Regular Expressions in Java
Regular Expression Basics
Regular expressions (regex) are an effective way of describing common patterns in strings. For example, all phone numbers in North America have 10 digits; this can be easily described by regular expressions:
[0-9]{10}
, which matches with 10 digits such as 3334445555,[0-9]{3}-[0-9]{3}-[0-9]{4}
, which matches with hyphened numbers such as 333-444-5555,[0-9]{3}-?[0-9]{3}-?[0-9]{4}
, which matches either case above.
In this tutorial we will learn how to construct and use regular expressions in the java.util.regex
API.
Patterns.
A pattern string is a sequence of characters following the syntax of regex. The following are some example patterns.
Construct | Description |
---|---|
abc |
Exactly three characters abc in sequence |
^abc |
abc matches at the beginning |
abc$ |
abc matches at the end |
a|c |
a or c |
Note that we use some characters with special meanings, which are called metacharacters. The metacharacters in the java.util.regex
API include: <([{\^-=$!|]})?*+.>
Character Classes.
A character class is a set of characters enclosed within square brackets. It matches with any character contained in the set.
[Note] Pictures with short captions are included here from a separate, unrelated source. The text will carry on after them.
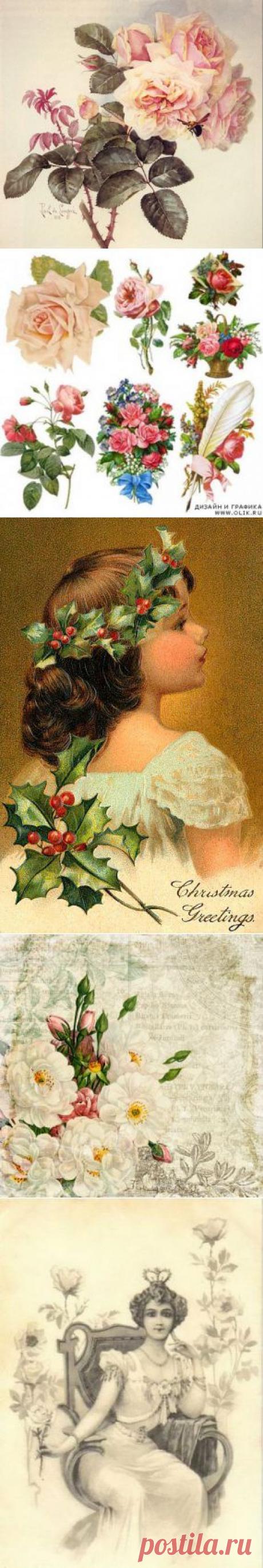 Винтажные картинки для декупажа: фото-галерея для применения в работе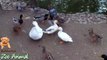 Real Duck Chickens Gfdfdoose Pigeon Swan in farm animals - Farm Animals video for kids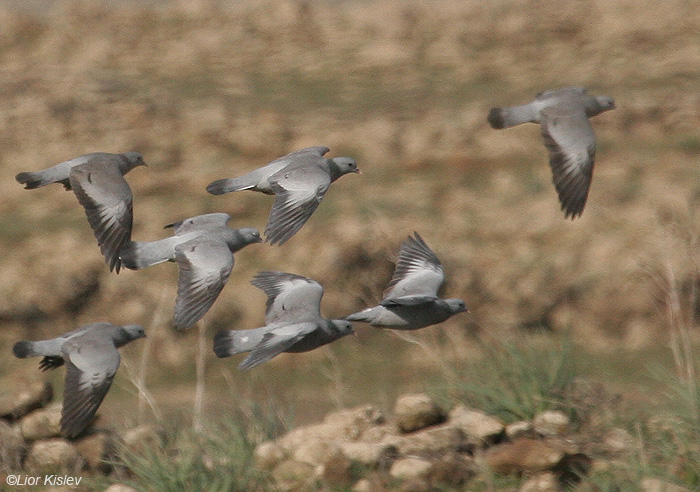 יונת עצים  Stock Dove Columba Oenas                               תל סאקי,רמת הגולן,ינואר 2009.צלם:ליאור כסלו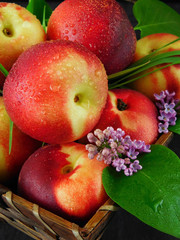 Close-up of a ripe juicy nectarine with water drops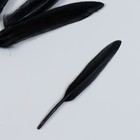 Набор декоративных перьев 60-150 мм (5 шт), черный - фото 10330519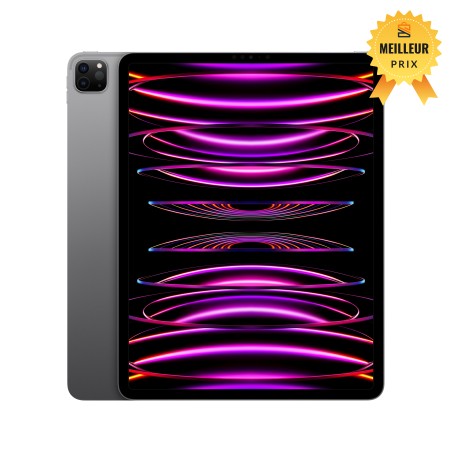iPad Pro 12.9 Wifi 1TB Gris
The following are some examples:
Construct | Description |
---|---|
[abc] |
a, b, or c (simple class) |
[^abc] |
Any character (including non-alphabet characters) except a, b, or c (negation) |
[a-zA-Z] |
a through z, or A through Z, inclusive (range) |
[0-9] |
0 through 9, inclusive (range) |
The following is a list of predefined character classes as convenient shorthands.
Construct | Description |
---|---|
. |
Any character |
\d |
A digit: [0-9] |
\D |
A non-digit: [^0-9] |
\s |
A whitespace character: [ \t\n\x0B\f\r] |
\S |
A non-whitespace character: [^\s] |
Quantifiers.
Quantifiers specify the number of occurrences; without a quantifier, a character class matches one occurrence by default. The following table shows several patterns with quantifiers.
Construct | Description |
---|---|
X? |
X, once or not at all |
X* |
X, zero or more times |
X+ |
X, one or more times |
X{n} |
X, exactly n times |
X{n,} |
X, at least n times |
X{n,m} |
X, at least n but at most m times |
Regular Expressions with the String
Class
The String
class in Java has several methods supporting regular expressions.
boolean matches(String regex)
Tells whether or not this string matches the given regular expression.String replaceAll(String regex, String replacement)
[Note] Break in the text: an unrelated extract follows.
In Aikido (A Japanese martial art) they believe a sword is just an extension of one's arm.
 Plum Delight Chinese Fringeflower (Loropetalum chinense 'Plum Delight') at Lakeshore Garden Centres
Replaces each substring of this string that matches the given regular expression with the given replacement.
The following code shows how to use such methods to manipulate strings.
String str = "......"; boolean isTrue = str.matches("[tT]rue|[yY]es"); // check for True, true, Yes, yes boolean isValidPhone = str.matches("^[0-9]{3}-?[0-9]{3}-?[0-9]{4}$"); String s = str.replaceAll("<[^>]*>", ""); // remove anything enclosed by "<" and ">"